Mentre il Pdl ufficialmente appoggia compatto la riforma del lavoro targata Fornero gli elettori del centrodestra si dividono. Molti sono contrari e minacciano di non votare il segretario alle prossime elezioni. La spaccatura emerge dove nessuno la riesce a nascondere e cioè in rete. Il dissenso della base del partito si materializza in queste ore sulla bacheca Facebook di Angelino Alfano. Il segretario del Pdl pubblica un post in cui difende a spada tratta le scelte del governo e si ritrova centinaia di messaggi di elettori che la pensano diversamente. Con toni e parole diverse gli chiedono di cambiare strada prima che sia troppo tardi.
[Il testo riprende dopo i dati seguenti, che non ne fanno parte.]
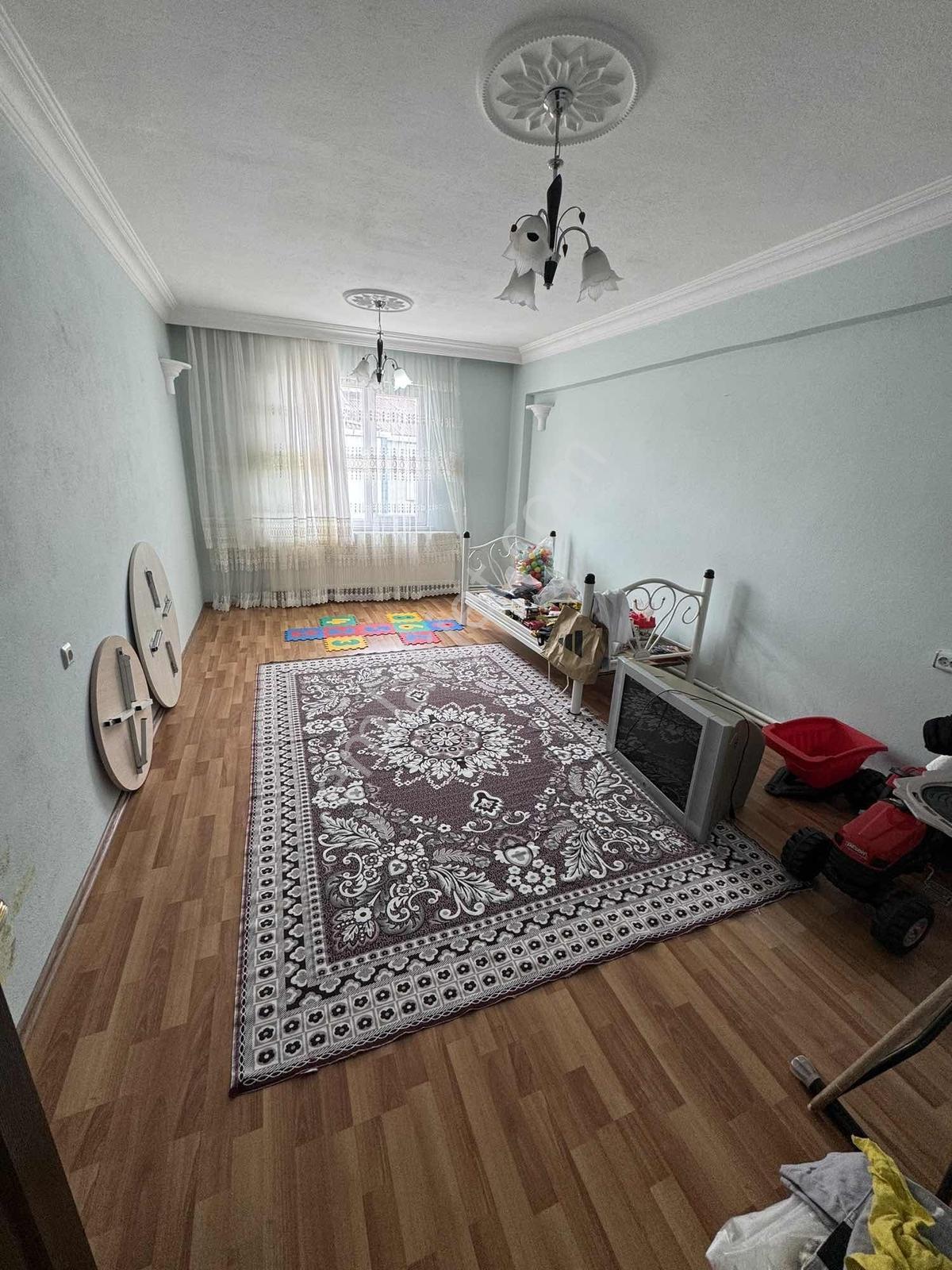 Çerkezköy Bağlık Mahallesinde 3+1 Çekme Kat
La posta in ballo è il consenso alle prossime elezioni. “Sull’articolo 18 – scrive Alfano – diciamo che si è trovato un buon punto di equilibrio sul quale non si deve arretrare in parlamento. (…) Con questa riforma l’Italia va avanti ed era giusto che andasse avanti perche’ si trovava indietro in tutte le classifiche europee e internazionali relative all’occupazione giovanile e femminile”.
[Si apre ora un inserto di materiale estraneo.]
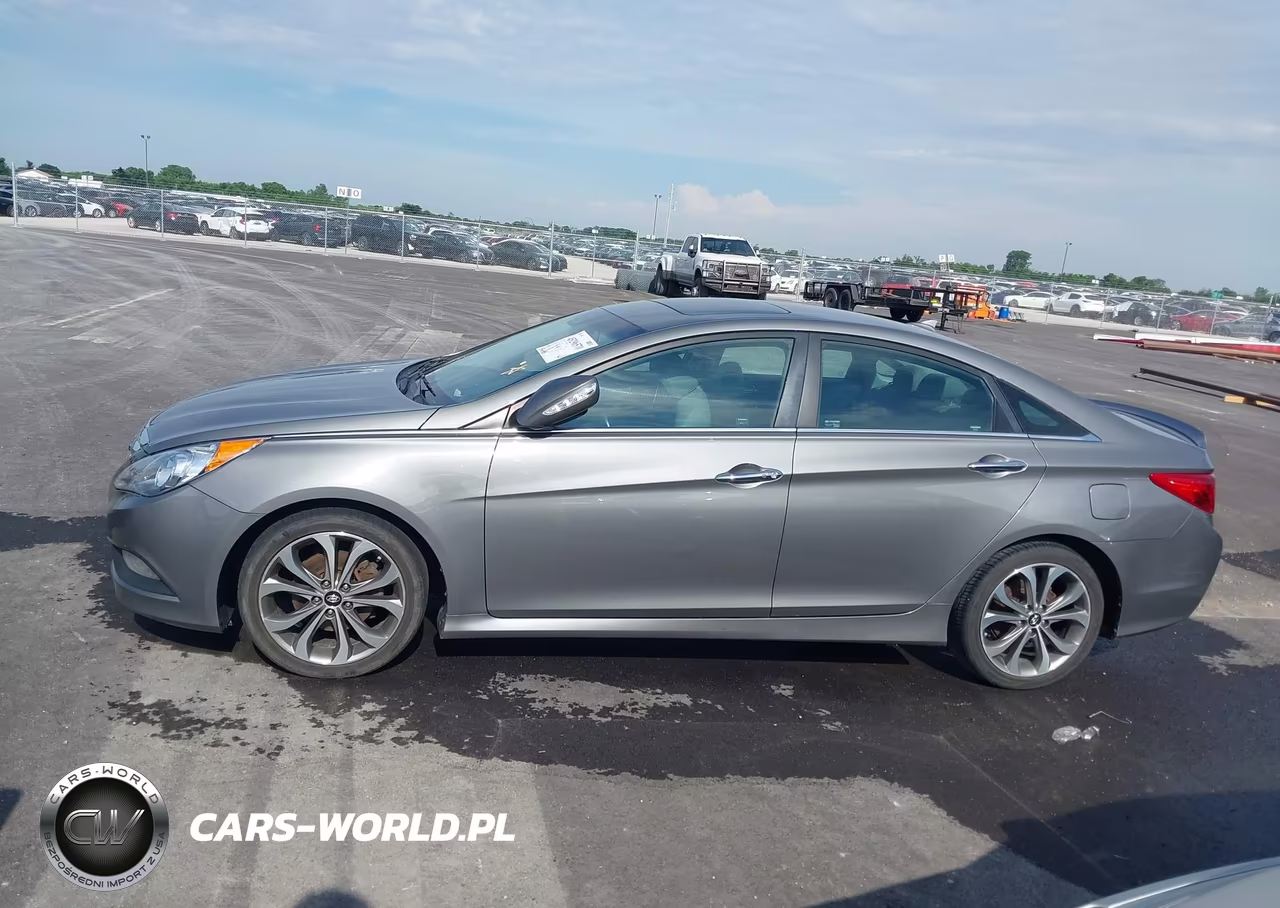 2014 Hyundai Sonata Se VIN:5NPEC4AC7EH824701 - 14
In meno di due ore i commenti sono più di duecento. E anche nei post successivi, che riguardano altri temi, è la riforma del lavoro al centro del dibattito che si fa incandescente. Eccone degli estratti. “Vergognati Alfano, l’Italia al voto ti punirà”, scrive ad esempio Daniele che evidentemente il Pdl in passato lo ha votato. Pietro Merli va dritto al cuore della questione che scodella così ad Alfano: “Angelino, hai visto i sondaggi? Non ti rendi conti che sostenendo Monti perdete?”. Tra i post che invece apprezzano i contenuti della riforma e il sostegno pidiellino alcuni invitano a non fare prigionieri, perché il fatto che gli statali siano stati esclusi dal provvedimento proprio non va giù: “Art.18, statali privilegiati. Loro non sono licenziabili. Se passa il pdl scenderà sotto del 20%”, vaticina Eliseo. “Io l’art. 18 l’avrei abolito solo per gli statali che timbrano il cartellino e vanno a fare la spesa”, rincara Davide. E’ Giacomo che fissa nel suo post il punto di caduta del consenso  a destra in queste ore: “Se la possibilità di licenziare non verrà estesa anche ai dipendenti pubblici non voterò più nessun partito di centrodestra. Alfano insista che la riforma vada in questa direzione”. Tra i delusi c’è chi chiede di fermare le bocce e fare un passo indietro. “Mi dispiace ma non credo che ciò che state per approvare sia il meglio possibile. Siamo ormai delusi da un partito che sembra sempre più sottomesso dalle proprie catene. Vi consiglio di aprire una discussione seria su ciò che ora rappresentate e in particolare chi rappresentate”.

Alla bacheca di Alfano si affacciano gli imprenditori scontenti cui va bene avere mano libera nei licenziamenti ma senza quel piccolo sovrapprezzo imposto dal governo per garantire ai licenziati ammortizzatori per affrontare la perdita del posto vecchio e la ricerca di uno nuovo. Non le manda a dire Giacomo de Fazi: “Angelino noi medi imprenditori se abbiamo difficoltà economiche dobbiamo “sovvenzionare” gli operai dai 15 ai 27 mesi, ma voi politici capite che così ci fate portare i libri in tribunale e fallire? Che le paghi il governo le mensilità visto che ci sta strangolando di tasse! Attenzione così muore la piccola e media impresa: Basta! Se abbiamo un calo di commesse non siamo mica lieti di mandare a casa i nostri lavoratori saai? Ma prima di chiudere cerchiamo almeno di salvare il salvabile!”. Insiste un altro imprenditore: “Pagare 27 mensilità di buona uscita – posta tal Ridolfi – non è costo del’lavoro? Angelino! le imprese piccole sono ROVINATE !! come spossiamo essere più competitivi sul mercato? per noi piccole imprese era meglio prima”.